Music made me happy. It didn't demand much from me. I didn't have to compete for it. Yet it gave me a thrill that's not unlike the rush athletes get from a good game. And an identity that teenagers, admit it or not, so desperately pine for. Strip away the crap—the Nike clothes, the Adidas sandals, the Sub Pop T-shirts, the purple hair dye, and the shitty attitudes—and we're not all that different. We all want to feel good, we all want to get high; we just have different measures for getting there.Just as football defined the quarterback's high school life, music defined mine. Just as young star players felt at home on varsity teams, I felt at home with my favorite albums. We naturally gravitate toward the areas that give us confidence. And for me, that area was made of Teen Age Riots, Waves of Mutilation and Mountain Songs. It was made of ragged guitar riffs, nonsensical lyrics, concert Ts and all-night mix tape sessions. With Thurston, Francis, Perry, and a pair of headphones, I felt at home.
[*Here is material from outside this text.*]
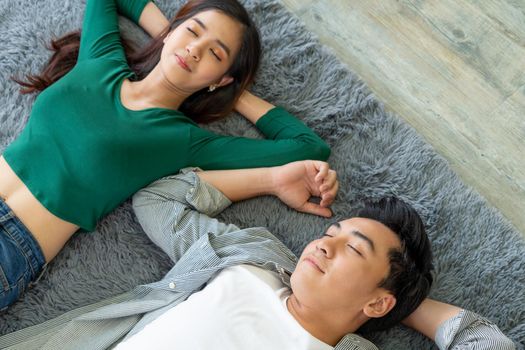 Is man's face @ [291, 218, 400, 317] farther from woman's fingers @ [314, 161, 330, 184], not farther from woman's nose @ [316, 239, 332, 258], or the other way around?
woman's fingers @ [314, 161, 330, 184]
I didn't attend many school games. It was a world I didn't much care for, and a world that didn't much care for me. But that never meant I didn't get it. And that didn't mean I disrespected it. Sports were their passion just as music was (is) mine. It all makes sense and, pardon the cliché again, but the world needs diversity. Sure some of us are lame-o fakes. But lots of us are truly passionate. And it's not what we're passionate about that matters; it's that we are genuine with our passions.'Cause we find ourselves through our passions. When we play passionately, when we experience passionately, we discover and we learn and we grow. Our passions move beyond an image or an identity, they become something real, something that melts into our very existence.
Even if that leaves the star athlete with no rhythm, and me standing on the black gymnasium line, desperate not to make eye contact, praying they call my name next.